I missed the entire State Fair for the first time in 23 years, and it’s not because it slipped my mind. I was out of town. Couldn’t be helped. But the summer felt incomplete without the exclamation point of the fair at the end. So one day last week, I went to the fair — or, at least, what was left of it.

I walked through the open gates. Decorative lighting was still strung over patios; flags rippled in the breeze; hundreds of empty commemorative benches sported the names of bygone fairgoers; baskets of dead flowers hung from hooks. The green crud on the DNR pool was thick enough to walk across.

Of course it felt off. The fair is really about the throngs of people. But what if was packed with people and there wasn’t any food? That wouldn’t be right. Or what if it had food, but only your favorites? No. So it’s the people you ordinarily wouldn’t see, plus the food you probably won’t eat. That’s it.

Plus the animals. The fair’s empty without them. The perfume of the barns was gone; the Poultry Barn was dark and silent. You wonder if any chickens thought, “Gosh, that was fun! I can’t wait to go back next year.”

Beyond the barns are the rides. They’re usually accompanied by the sounds of the midway — clanging bells, deafening music, screams from on high, chuffing generators. There’s just an empty lot now, and you feel like a kid looking at the trampled grass where the circus had been the night before.

On the way out, I passed the Star Tribune booth — “blocking your view of the grandstand for over 30 years” — and saw an open window. I stuck my head in and said, “Can I get some lip balm?” because that’s what you say here. It’s the fair, so you go to the large news organization and ask for wax to smear on your mouth.

There were two guys inside the booth, and one said, “Sure!” He started rustling around a box. “We have fresh-cut grass, mini doughnuts. … ”

“Stick,” I said. “Stick was this year’s flavor.” He handed over a tube of wood-flavored lip balm. I was grateful. I hadn’t missed the fair, after all.

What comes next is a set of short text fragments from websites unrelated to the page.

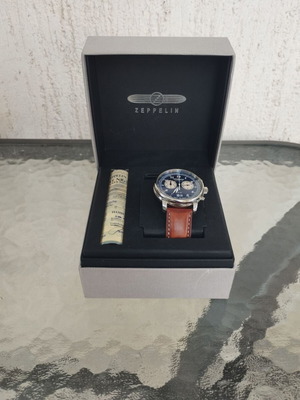 Zeppelin 8684-3 wristwatch like new, blue and brown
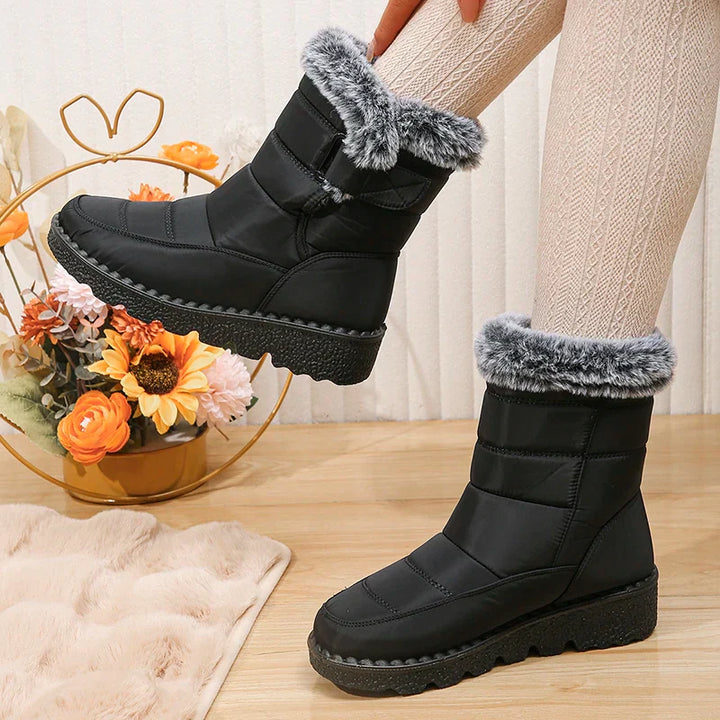 Women's Snow Boots Mid-Calf Quilted Strap | Plush Trim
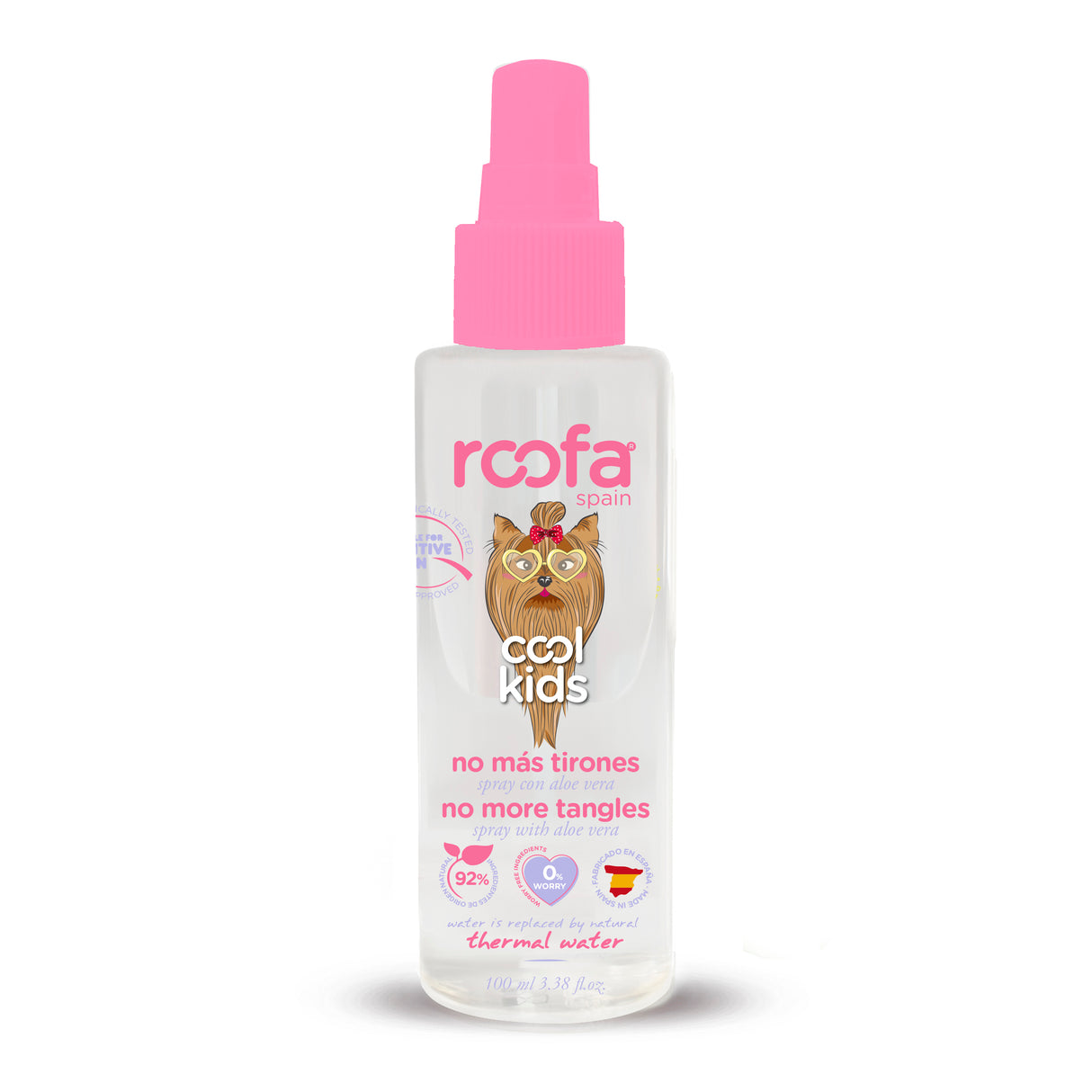 Spray démêlant enfants ROOFA, flacon transparent à bouchon rose, 100 ml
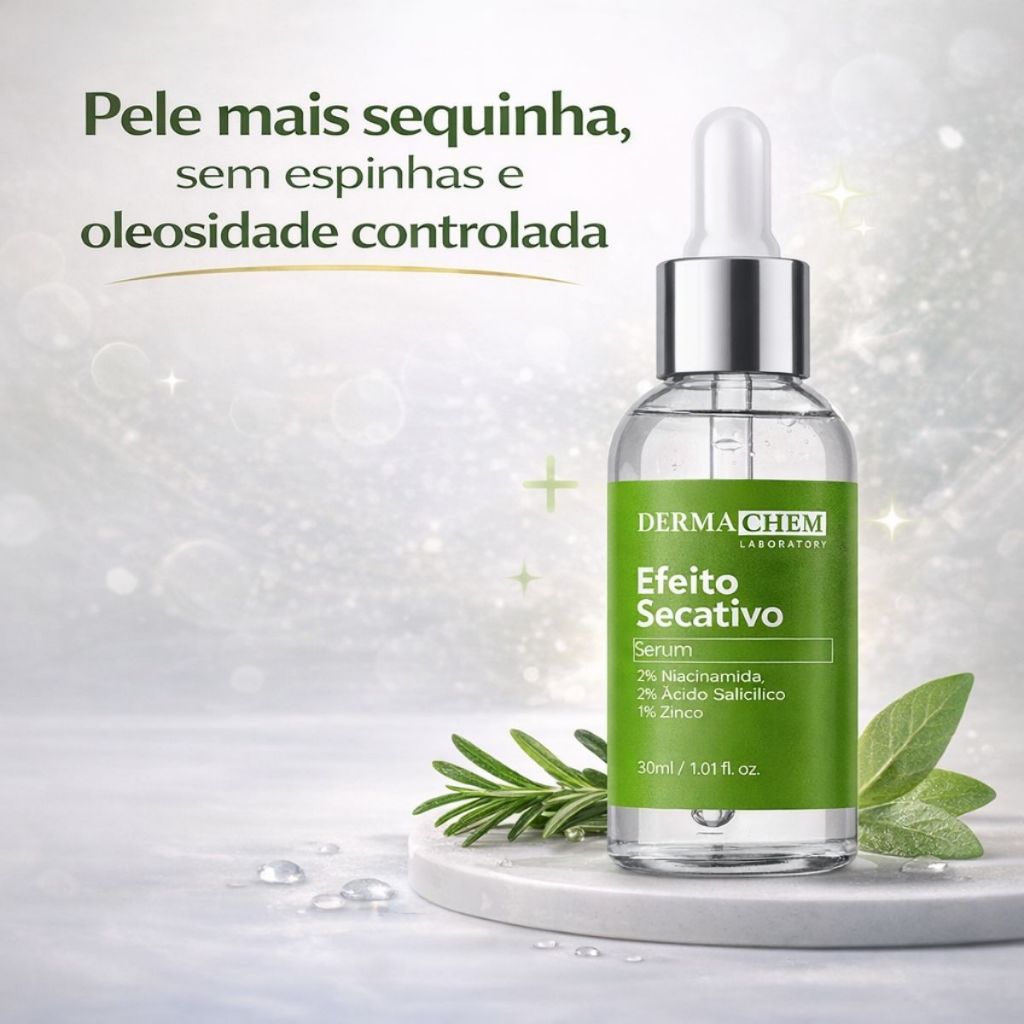 Sérum Efeito Secativo Dermachem 30ml Controle de Acne, Oleosidade e Secagem de Espinhas Pele Oleosa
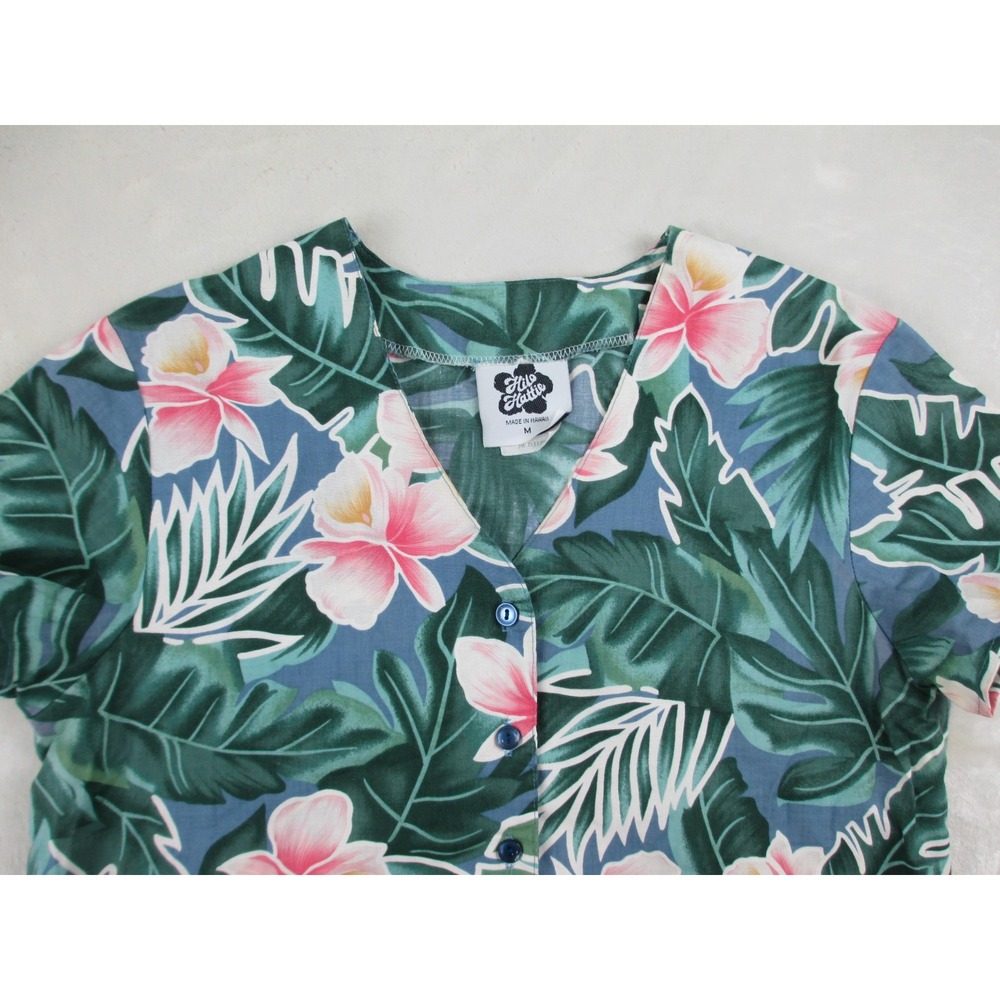 Hilo Hattie Shirt Womens Medium Green Floral Button Up Hawaiian Ladies - Picture 3 of 8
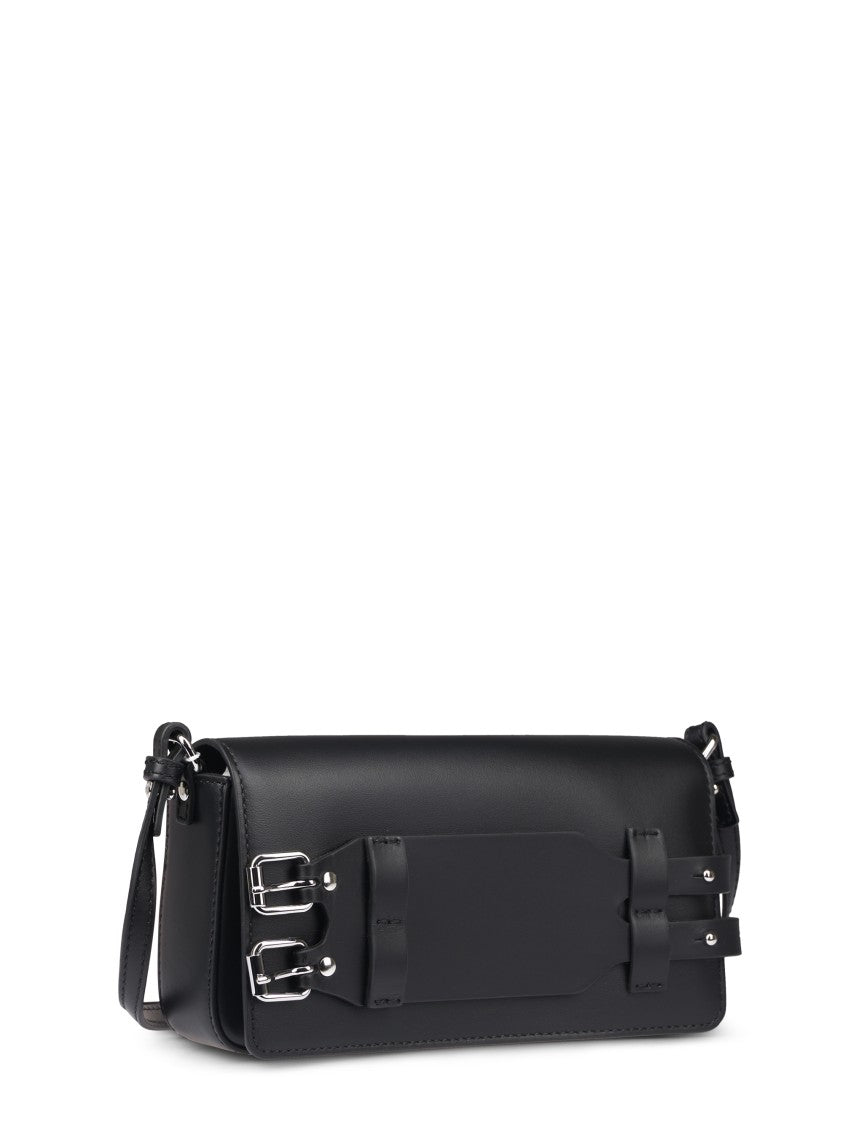 Mm6 By Maison Margiela Structured Black Bag With Unique Buckle Detail
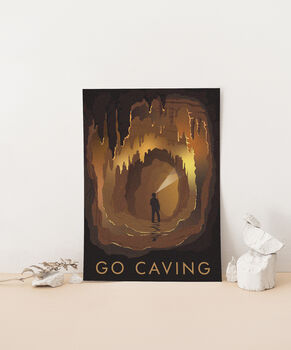 Go Caving Travel Poster Art Print, 3 of 8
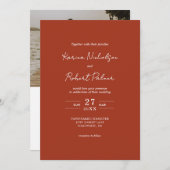 Budget Terracotta Foto QR Code RSVP Bruiloft Kaart (Voorkant / Achterkant)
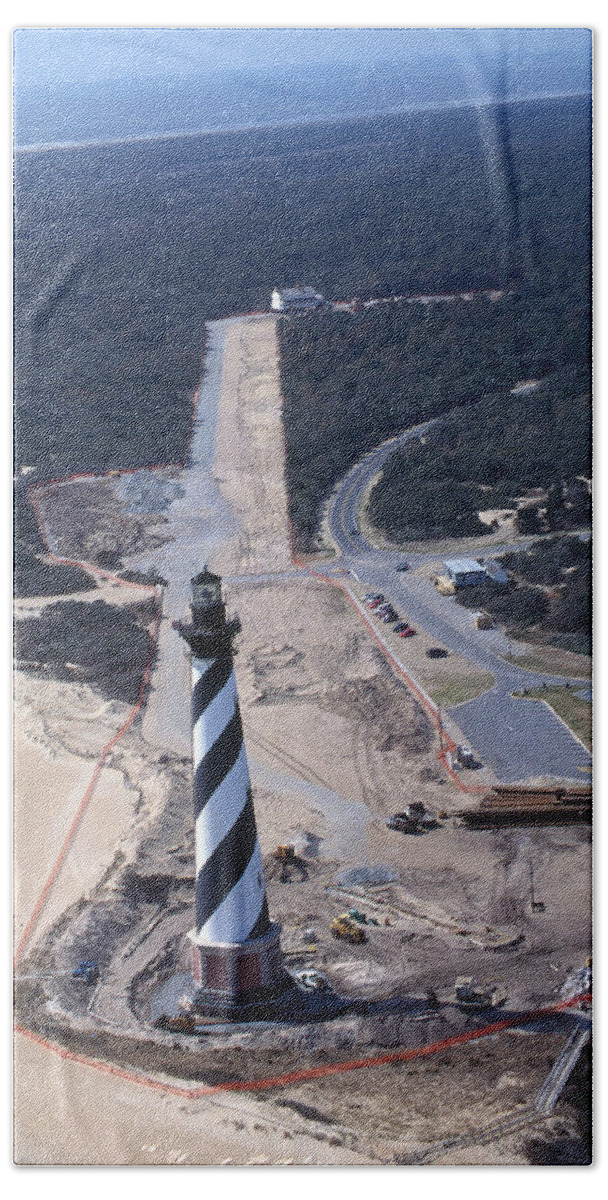 North Carolina Beach Towel featuring the photograph Cape Hatteras Lighthouse Relocation by Bruce Roberts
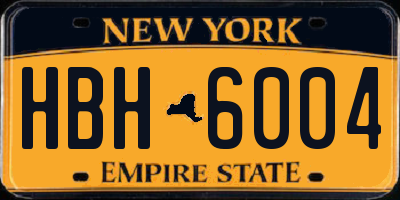 NY license plate HBH6004
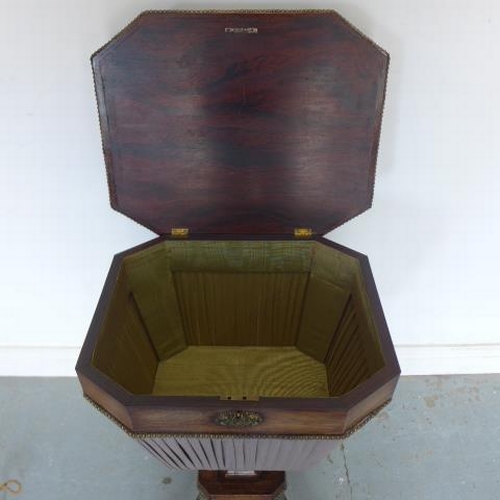 569 - A 19th century rosewood sewing box with brass fittings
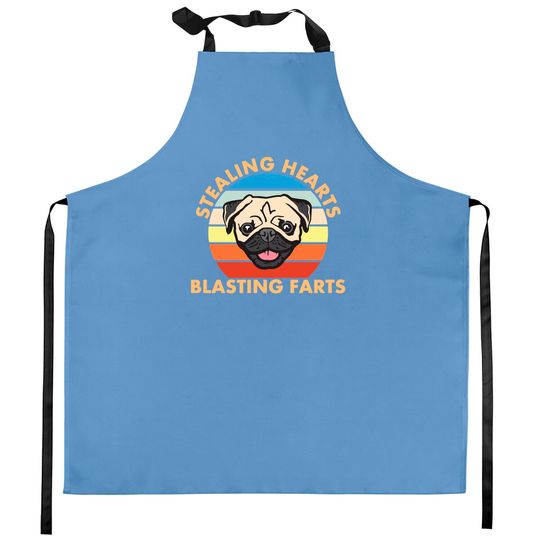 Discover Stealing Hearts And Blasting Farts Dog Pug Kitchen Apron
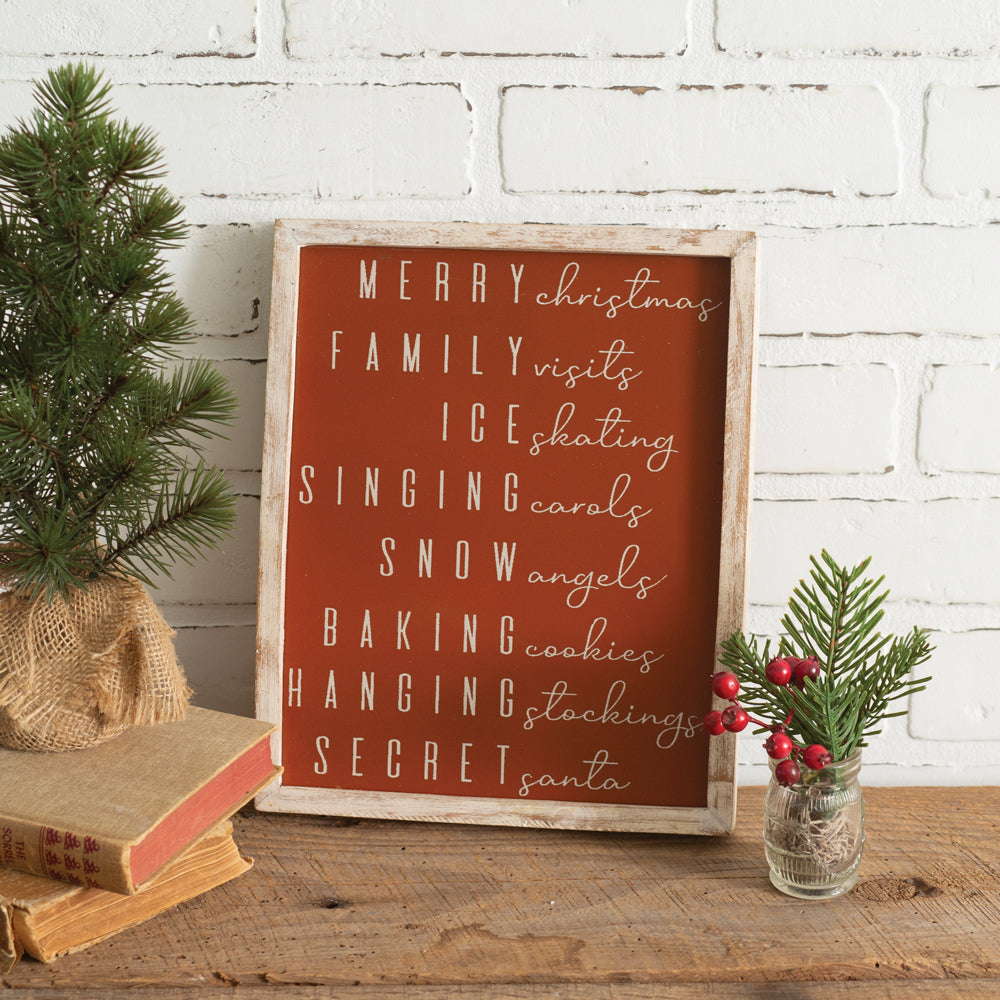 Christmas Words Wall Plaque - Bombay Mercantile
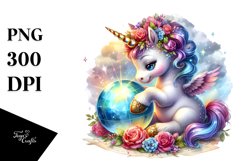 Colorful Baby Unicorn with Magic Orb, High-Res PNG Product Image 1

You’re probably thinking: That wasn’t a real person. Some say that was the spirit of a reporter who died when lightning struck the booth in ’83, and still can be seen some days, handing out lip balm. Or so the legend goes.

Well, no. You’re thinking of the ghost who hands out yardsticks at the Farmers Union building.

He wasn’t in. A guy said I missed him by five minutes.